The Vanishing Face of Gaia: A Final Warning, by James Lovelock
He Knew He Was Right: The Irrepressible Life of James Lovelock and Gaia, by John Gribbin and Mary Gribbin
James Lovelock is an English scientist, recip- ient of many awards, and he is a pleasant writer, moderate in tone and conciliatory towards his critics. In the late 1960s he became famous in New Age circles for his Gaia theory. The name, which is that of the old Greek goddess of Earth, was suggested to him by William Golding, his neighbour and pub companion in their Wiltshire village. It was immediately popular, and so was the image that Lovelock attached to it, of a self-regulating planet that has been working throughout its existence to develop the atmosphere, climate and other conditions necessary for sustaining life. Lovelock does not claim that Gaia is literally a living creature, but he answers objections by the evolutionists, who detest anything that smacks of teleology (the idea of purpose in nature), by saying that she is ‘alive’ in the same way that Richard Dawkins’s genes are ‘selfish’.
The ultimate product of Gaia is ourselves. That, according to Lovelock, is where the trouble starts. We are, he believes, like parasites, undoing all Gaia’s good work, destroying her forests, poisoning her body and veins and diminishing the diversity of her plant and animal species. This has been going on for a long time, from when we were slash-and-burn nomads, and it has greatly intensified in modern times, with the industrial revolution followed by the wasteful elaborations of our global economy.
Unless we do something about this, very soon and very radically — reduce our numbers, stop eating meat, stay at home and give up most of the comforts we have become used to — Gaia will turn upon us with a vengeance. Temperatures will rise intolerably, whole continents will become deserts and the survivors among us will fight for living-space on the few parts of the earth which will remain fairly habitable. These likely refuges are mainly island countries, such as Tasmania, New Zealand, Japan and the British Isles. In that case we shall have the unpleasant choice between being swamped by needy immigrants and repelling them by force. As Lovelock puts it, ‘Soon we face the appalling question of who we can let aboard the lifeboats and who must we reject.’

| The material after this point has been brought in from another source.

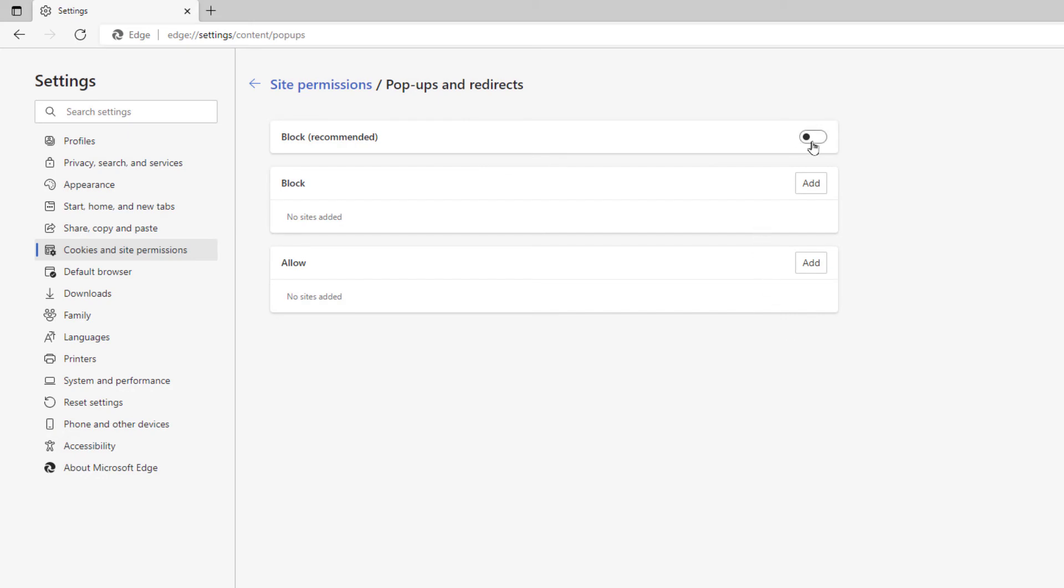But that is how you enable and disable pop-ups in the Microsoft Edge web browser. Thanks for watching.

There is something very wrong with this way of thinking. Since the glory days of his Gaia vision, Lovelock, who is now nearly 90, has become ever more in thrall to scientific literalism and the deterministic view, based on current beliefs and prejudices, which fails to acknowledge the total unpredictability of future events. The fall of communism and the crash of the global economics system were not widely foreseen, and there are many beliefs and theories, now dominant, that will one day be overturned. One of these could be the strictly upheld doctrine of evolution by natural selection and its dubious application to history, sociology and other subjects. Lovelock’s low view of human nature has its roots in Darwinian theory, and so does his eccentric belief or hope, expressed at the end of this book, that a new race of man will evolve in tune with the interests of Gaia.

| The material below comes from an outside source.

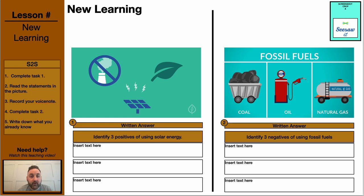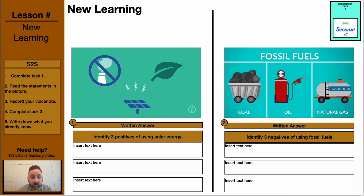Now we're looking more at solar panel energy and fossil fuel energy. I want you to watch the two videos and then answer the question below. For the first video, which is on solar power energy, identify three positives of using solar energy. For the second video, identify three negatives of using fossil fuel energy.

The Gaia concept was a grand feat of imagination, but Lovelock has never realised its potential because, like virtually all modern scientists and scholars, he totally ignores the ancient, traditional code of science, whose principal image is the living, self-sustaining universal creature described in Plato’s Timaeus. Gaia is its microcosm, a being with its own soul and animated by spirit. This was the perception of our nomadic ancestors whose lives were enriched by regular contact with the spirits and powers of nature. Later, in times of settlement when agriculture and its associated crafts raised the productivity of the land, the ritualised arts of geomancy reconciled the interests of the living with those of the ancestral dead and produced the social-economic-spiritual ideal of a landscape that was densely, richly populated while retaining its primordial beauty and diversity. Two examples of this are the populous, sanctified landscape of old China and, nearer home, the once rich and highly cultured islands and uplands of Scotland, now largely deserted. Is Lovelock justified in blaming the ailments of Gaia on the number rather than the disposition of her inhabitants? And what about his advocacy of nuclear power stations rather than the development of local and natural sources of energy?

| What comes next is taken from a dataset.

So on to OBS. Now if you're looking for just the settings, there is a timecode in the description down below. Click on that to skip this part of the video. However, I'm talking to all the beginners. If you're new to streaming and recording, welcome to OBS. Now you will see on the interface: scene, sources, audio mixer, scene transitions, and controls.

James Lovelock is a clear, principled, independent thinker, so he is bound to be controversial and no one is likely to agree with the whole range of his ideas and proposals. But there is no doubting his simple goodness and honesty, nor is there any question about his natural scientific genius. These qualities shine through his authorised biography by science writers, John and Mary Gribbin. The impression they give is of a charming, humorous, modest fellow with whom you could happily discuss any topic under the sun, whether you agreed with each other or not.